> [Given records]
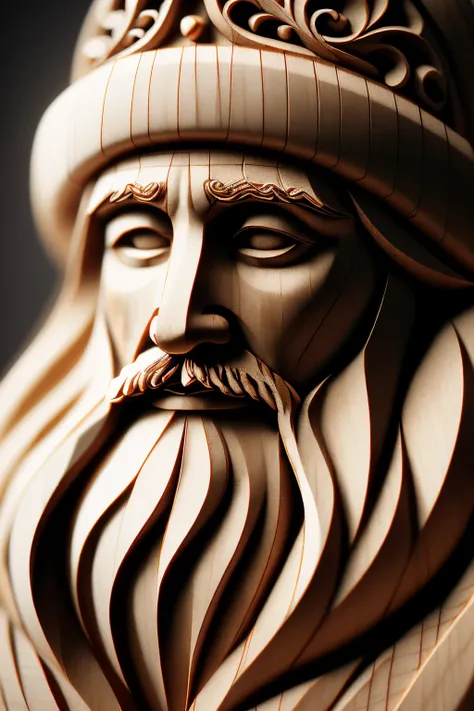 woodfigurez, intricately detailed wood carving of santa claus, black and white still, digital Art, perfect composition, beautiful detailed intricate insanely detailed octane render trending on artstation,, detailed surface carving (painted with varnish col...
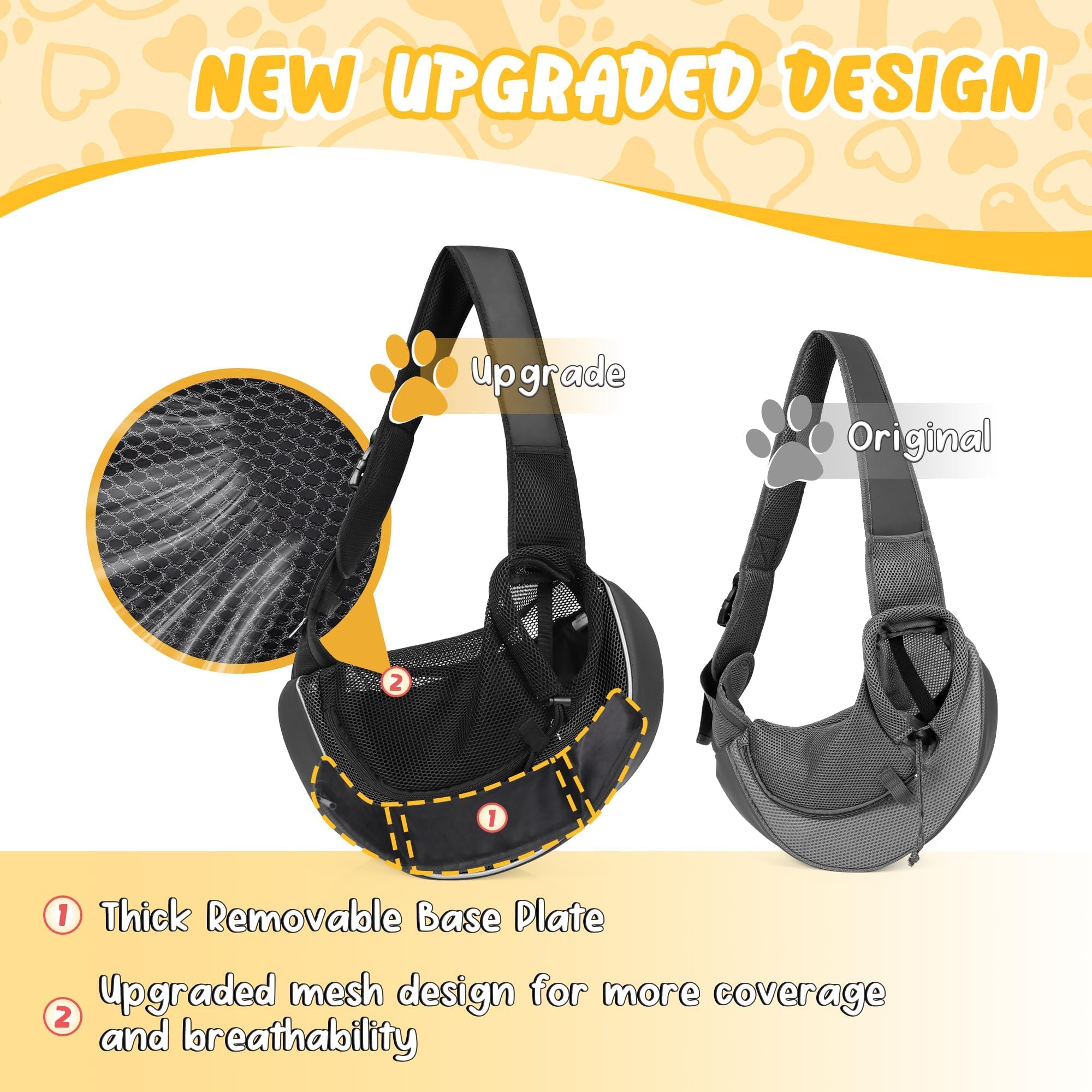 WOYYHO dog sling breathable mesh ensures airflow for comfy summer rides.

---

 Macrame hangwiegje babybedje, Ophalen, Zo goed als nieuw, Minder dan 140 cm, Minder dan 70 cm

--

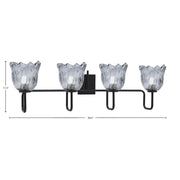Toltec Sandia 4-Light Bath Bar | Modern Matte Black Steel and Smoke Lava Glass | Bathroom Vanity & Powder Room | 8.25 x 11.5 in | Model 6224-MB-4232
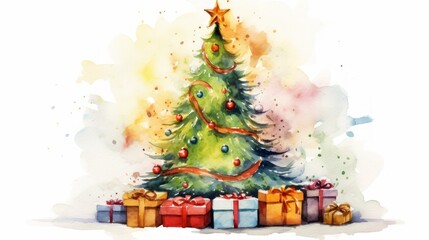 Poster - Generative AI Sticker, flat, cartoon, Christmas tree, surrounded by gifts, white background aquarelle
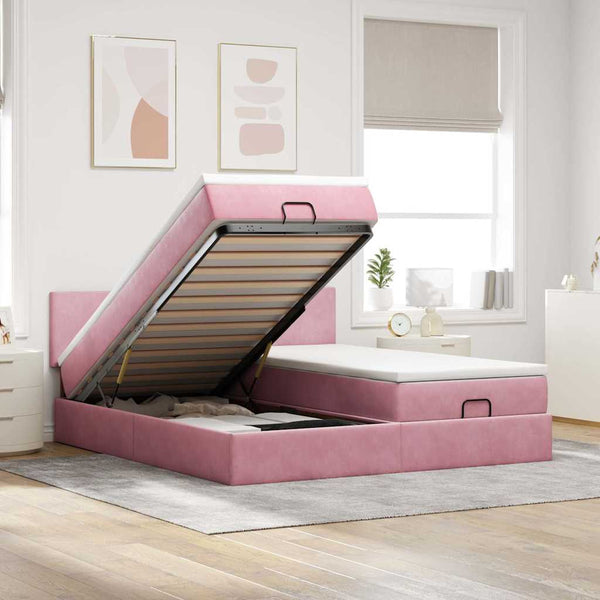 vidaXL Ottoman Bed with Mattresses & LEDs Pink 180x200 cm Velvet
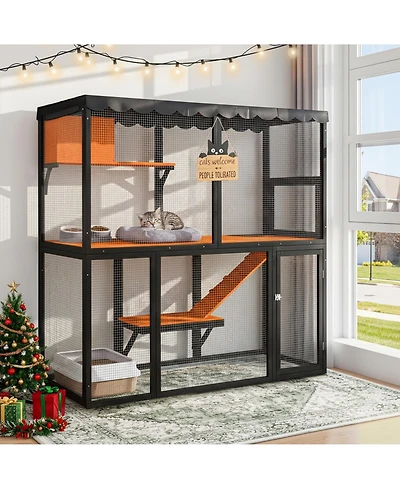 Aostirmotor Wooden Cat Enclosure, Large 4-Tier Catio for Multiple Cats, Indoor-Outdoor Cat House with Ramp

> [Problem description] Having found the line with "Poster - Generative" and the line with "vidaXL Ottoman Bed" in the material above, write out exactly those two and every line between, leaving the pictures out.

> [Reply]
 Poster - Generative AI Sticker, flat, cartoon, Christmas tree, surrounded by gifts, white background aquarelle
 vidaXL Ottoman Bed with Mattresses & LEDs Pink 180x200 cm Velvet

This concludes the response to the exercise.